An viele Modernisierungen der thermischen Gebäudehülle sind Anforderungen der EnEV geknüpft. Ein Katalog einschlägiger Veränderungen und der Anforderungswerte für diese Maßnahmen ist in Anlage 3 der Energieeinsparverordnung enthalten. Diese Anforderungen sind als Höchstwerte des Wärmedurchgangskoeffizienten der renovierten Bauteilfläche formuliert. Sie sind dann nicht verpflichtend, wenn die von der Maßnahme betroffene Teilfläche 10 % der Gesamtfläche des jeweiligen Bauteils beim betroffenen Gebäude nicht überschreitet. Alternativ kann auch nachgewiesen werden, dass das Gebäude nach durchgeführter Renovierung 140% der Anforderungen eines gleichartigen Neubaus nicht überschreitet. Bezug ist hier das Anforderungsniveau "EnEV 2009" (≈Niveau 2014), da im Rahmen der 140%-Regel die ab 2016 gültige Neubauverschärfung nicht greift.

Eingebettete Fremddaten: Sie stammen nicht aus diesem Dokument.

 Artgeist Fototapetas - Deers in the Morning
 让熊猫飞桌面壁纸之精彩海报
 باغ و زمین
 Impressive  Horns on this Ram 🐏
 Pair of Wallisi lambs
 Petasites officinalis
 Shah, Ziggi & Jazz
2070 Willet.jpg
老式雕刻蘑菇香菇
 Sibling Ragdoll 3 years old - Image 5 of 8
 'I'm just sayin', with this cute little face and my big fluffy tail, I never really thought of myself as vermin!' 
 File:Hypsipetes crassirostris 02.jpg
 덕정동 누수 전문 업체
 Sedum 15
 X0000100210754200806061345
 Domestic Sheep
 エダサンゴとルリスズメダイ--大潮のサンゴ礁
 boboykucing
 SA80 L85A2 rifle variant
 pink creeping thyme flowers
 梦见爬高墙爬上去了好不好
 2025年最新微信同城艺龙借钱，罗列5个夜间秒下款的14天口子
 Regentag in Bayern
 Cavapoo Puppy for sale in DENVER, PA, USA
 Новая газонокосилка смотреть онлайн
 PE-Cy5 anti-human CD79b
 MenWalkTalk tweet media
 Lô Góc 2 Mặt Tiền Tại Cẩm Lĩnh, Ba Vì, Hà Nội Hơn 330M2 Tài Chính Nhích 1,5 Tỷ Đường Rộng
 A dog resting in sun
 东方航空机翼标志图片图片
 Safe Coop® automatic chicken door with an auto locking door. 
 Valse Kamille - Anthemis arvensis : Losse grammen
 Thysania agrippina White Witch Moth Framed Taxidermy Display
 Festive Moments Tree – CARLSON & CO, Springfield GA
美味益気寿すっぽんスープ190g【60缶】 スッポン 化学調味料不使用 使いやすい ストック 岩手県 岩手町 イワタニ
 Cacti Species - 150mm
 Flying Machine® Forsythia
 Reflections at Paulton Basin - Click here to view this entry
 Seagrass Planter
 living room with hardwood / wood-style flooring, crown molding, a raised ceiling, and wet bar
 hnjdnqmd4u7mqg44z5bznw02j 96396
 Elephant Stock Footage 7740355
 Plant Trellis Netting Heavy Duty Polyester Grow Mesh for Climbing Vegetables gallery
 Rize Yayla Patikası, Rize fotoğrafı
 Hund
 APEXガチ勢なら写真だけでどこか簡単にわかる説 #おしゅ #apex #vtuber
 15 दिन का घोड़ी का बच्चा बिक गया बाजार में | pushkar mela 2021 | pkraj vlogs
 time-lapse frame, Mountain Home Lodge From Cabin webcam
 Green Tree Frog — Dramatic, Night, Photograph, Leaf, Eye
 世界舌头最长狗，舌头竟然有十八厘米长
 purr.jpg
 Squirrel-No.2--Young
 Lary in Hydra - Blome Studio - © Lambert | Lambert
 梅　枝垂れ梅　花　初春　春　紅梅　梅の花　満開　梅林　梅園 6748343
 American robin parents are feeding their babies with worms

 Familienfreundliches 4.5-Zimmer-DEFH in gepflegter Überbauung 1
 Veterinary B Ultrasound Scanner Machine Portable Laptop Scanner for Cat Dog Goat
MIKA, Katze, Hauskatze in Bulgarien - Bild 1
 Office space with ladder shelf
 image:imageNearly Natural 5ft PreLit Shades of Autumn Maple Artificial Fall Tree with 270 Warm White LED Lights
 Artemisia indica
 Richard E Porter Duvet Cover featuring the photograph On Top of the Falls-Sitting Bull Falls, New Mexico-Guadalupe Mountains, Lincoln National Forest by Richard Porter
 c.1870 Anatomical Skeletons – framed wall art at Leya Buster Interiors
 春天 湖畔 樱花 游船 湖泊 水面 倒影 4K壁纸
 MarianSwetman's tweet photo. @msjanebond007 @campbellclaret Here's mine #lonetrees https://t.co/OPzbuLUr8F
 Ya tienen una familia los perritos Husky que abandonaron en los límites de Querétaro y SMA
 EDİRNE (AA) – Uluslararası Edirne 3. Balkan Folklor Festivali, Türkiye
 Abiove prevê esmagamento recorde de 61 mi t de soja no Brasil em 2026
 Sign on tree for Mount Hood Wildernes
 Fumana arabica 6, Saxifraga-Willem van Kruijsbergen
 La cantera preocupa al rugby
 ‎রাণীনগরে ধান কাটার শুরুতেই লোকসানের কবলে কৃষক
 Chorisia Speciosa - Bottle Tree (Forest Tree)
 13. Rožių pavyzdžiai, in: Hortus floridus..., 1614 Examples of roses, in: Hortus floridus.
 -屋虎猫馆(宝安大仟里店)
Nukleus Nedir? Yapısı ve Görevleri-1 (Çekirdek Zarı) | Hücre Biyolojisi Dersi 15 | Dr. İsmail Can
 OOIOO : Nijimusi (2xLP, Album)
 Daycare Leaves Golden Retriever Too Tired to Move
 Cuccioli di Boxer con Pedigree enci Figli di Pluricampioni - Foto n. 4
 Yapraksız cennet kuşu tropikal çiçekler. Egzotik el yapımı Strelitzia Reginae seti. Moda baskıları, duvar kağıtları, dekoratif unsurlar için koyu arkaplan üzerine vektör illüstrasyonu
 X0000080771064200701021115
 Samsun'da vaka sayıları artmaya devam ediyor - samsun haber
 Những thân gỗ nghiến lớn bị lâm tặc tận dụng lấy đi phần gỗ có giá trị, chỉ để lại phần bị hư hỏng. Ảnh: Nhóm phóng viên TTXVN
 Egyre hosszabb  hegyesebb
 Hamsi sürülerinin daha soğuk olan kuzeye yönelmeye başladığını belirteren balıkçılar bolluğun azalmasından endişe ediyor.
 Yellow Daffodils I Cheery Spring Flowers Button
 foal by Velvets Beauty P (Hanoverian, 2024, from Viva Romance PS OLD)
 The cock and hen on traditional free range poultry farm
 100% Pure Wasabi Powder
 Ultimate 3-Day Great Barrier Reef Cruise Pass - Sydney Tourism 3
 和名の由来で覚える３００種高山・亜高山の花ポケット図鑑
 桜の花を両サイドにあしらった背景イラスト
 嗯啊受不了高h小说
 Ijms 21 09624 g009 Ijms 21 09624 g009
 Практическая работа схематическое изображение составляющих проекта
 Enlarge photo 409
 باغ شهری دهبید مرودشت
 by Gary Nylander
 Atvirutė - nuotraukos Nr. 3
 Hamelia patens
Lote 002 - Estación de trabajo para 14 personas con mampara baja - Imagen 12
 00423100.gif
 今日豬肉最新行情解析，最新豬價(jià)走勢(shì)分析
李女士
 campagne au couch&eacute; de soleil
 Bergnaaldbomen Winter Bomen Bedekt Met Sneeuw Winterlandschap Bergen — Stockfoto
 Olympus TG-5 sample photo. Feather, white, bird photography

Für die Beurteilung der Wirtschaftlichkeit sollten folgende Größen und Rahmenbedingungen auf der Grundlage von Bestandsdaten, Vorentwürfen oder Konzepten ermittelt werden:

  • das energetische Einsparpotenzial unter realistischen Annahmen,
  • die Baukosten und darin eingeschlossen separat die EnEV-bedingten Mehrkosten,
  • die zu erwartende Lebensdauer der Maßnahme und
  • laufende Kosten für Inspektion, Wartung, Reinigung (und – wenn relevant – separat die EnEV-bedingten Mehrkosten).

Aus der Perspektive des Bauherren oder der Planer ist eine Wirtschaftlichkeitsbetrachtung weiter gefasst und kann/sollte neben EnEV-bedingten Mehrkosten auch folgende Aspekte umfassen:

  • Aufwendungen für Instandsetzung, Rückbau und Entsorgung (Erfahrungs- und Vergleichswerte),
  • ggf. Fördermöglichkeiten und
  • Planungs(mehr)aufwand für energieeffiziente Konzepte.